I have been known to be optimistic at times, but I am not a poster child for innocence or pep. I speak for the contemplative set dressed in black, who just could not bring themselves to the pep rally. (Like Ally Sheedy in “The Breakfast Club”). I think we all are made up of a range of personae. What is most important is how we love and tolerate others exactly where they stand, which starts with loving and tolerating our own selves. Easier said than done.

This has been a busy year. Part of my resistance has to do with moving forward in my life. When you have lost someone very close, the future is a big problem. It is hard to see past the gaping hole in the pictures. The future I can foresee has a looming hole shaped like Susanna. Immeasurable, unfillable. It is hard to open myself to the bright and rich things life has to offer, because I am afraid I will forget her, that she will disappear. I have been assured that this is normal. Fear does not have to stop anyone’s plans, but it needs to be acknowledged.

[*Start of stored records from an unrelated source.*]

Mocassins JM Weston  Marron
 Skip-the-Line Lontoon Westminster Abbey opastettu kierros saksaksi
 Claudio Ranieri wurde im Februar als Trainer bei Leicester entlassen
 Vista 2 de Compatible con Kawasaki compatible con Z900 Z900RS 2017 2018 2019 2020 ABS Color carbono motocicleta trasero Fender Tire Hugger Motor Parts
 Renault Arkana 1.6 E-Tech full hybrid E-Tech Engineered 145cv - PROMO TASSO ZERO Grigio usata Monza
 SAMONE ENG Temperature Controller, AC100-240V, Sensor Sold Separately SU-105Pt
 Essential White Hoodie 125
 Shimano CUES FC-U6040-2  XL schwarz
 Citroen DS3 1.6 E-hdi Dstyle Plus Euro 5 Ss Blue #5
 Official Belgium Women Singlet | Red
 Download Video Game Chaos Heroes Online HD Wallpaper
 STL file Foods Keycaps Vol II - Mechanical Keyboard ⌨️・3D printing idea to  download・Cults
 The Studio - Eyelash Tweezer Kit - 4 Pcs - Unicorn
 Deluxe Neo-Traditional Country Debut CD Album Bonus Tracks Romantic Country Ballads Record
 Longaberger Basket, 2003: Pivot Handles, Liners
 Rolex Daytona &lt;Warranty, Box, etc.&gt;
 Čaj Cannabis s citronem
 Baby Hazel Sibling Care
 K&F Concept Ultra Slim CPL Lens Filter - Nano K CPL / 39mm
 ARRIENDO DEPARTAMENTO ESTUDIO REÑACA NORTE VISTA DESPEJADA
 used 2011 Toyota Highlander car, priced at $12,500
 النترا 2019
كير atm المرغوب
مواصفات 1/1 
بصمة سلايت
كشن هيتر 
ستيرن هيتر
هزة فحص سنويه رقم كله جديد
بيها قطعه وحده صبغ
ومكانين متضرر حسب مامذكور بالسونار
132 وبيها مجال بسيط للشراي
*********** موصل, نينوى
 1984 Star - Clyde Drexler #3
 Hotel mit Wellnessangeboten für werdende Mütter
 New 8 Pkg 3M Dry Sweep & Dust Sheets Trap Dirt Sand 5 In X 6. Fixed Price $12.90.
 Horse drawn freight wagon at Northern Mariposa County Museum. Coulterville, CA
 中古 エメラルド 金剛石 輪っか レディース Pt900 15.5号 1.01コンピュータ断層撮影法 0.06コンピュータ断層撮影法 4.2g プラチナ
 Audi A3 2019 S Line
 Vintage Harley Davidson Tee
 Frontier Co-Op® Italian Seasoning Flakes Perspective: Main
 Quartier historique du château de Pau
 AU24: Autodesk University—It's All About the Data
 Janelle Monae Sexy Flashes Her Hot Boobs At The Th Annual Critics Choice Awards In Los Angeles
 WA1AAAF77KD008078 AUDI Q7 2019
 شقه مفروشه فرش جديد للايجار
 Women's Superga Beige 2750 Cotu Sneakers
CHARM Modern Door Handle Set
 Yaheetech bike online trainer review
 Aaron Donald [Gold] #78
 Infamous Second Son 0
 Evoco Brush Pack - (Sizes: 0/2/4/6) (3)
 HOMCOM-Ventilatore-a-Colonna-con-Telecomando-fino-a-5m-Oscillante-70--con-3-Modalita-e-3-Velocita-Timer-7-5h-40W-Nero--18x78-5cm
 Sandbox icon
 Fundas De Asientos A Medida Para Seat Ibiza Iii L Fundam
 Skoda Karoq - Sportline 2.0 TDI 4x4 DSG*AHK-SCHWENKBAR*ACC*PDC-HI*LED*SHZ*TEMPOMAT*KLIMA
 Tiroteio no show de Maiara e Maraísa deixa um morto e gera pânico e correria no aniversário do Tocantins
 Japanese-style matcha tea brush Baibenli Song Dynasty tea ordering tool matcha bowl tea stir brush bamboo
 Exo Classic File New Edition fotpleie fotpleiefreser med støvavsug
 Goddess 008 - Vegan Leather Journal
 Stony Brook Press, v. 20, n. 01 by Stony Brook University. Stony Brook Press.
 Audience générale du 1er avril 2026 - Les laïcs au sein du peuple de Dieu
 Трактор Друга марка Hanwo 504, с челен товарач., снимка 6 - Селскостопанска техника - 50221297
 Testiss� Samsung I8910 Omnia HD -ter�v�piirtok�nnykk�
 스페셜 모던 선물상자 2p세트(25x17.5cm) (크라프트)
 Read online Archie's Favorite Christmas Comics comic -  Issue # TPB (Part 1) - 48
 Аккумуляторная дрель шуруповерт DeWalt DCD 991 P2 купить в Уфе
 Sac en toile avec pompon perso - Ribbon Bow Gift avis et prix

In my more peaceful dreams lately, I see open spaces, flat grassy meadows, empty rooms with the inviting expanse of wood floors and a walk-in closet. There is really no way to greet the future without leaving extra room for what is unknown. These dreams are not devoid of my daughter. She is present in all of them. Sometimes she has left a drawing, a single pair of sparkly shoes or a birthday card. I know she is present because I feel her, I hear her singing, and I know that she is the one inviting me. In the times when I can relax and allow peace, the line between here and there dissolves. This is the point where the separation is an illusion. This is the place where it gets real.

I will never forget Susanna. She is my daughter, and for me the sun rises and sets for my two children. She existed, and to me she still exists. She lived a wonderful life for five years and three months, and then she died. We all die someday, but Susanna died younger than most, calling attention to our mortality. None of us is perfect. Except for a tiny weak spot in an artery, which no one could have known about, she was closer to perfect than anyone I have known. Perhaps she only needed five years to get life right.

Others may avoid thinking about what happened to Susanna and my family, dismiss it as an unfortunate tragedy fading into the past, and this I understand. But that is not the truth for me. Even though the pain is sometimes so big that I feel too small to contain it, I go forward with open eyes and open heart to the very best of my ability. My hope is always to let the pain transform into something else, more to be revealed. And whatever the price for knowing her, I would choose my daughter again, a million times over, in the blink of an eye or a fraction of a heartbeat. Peace.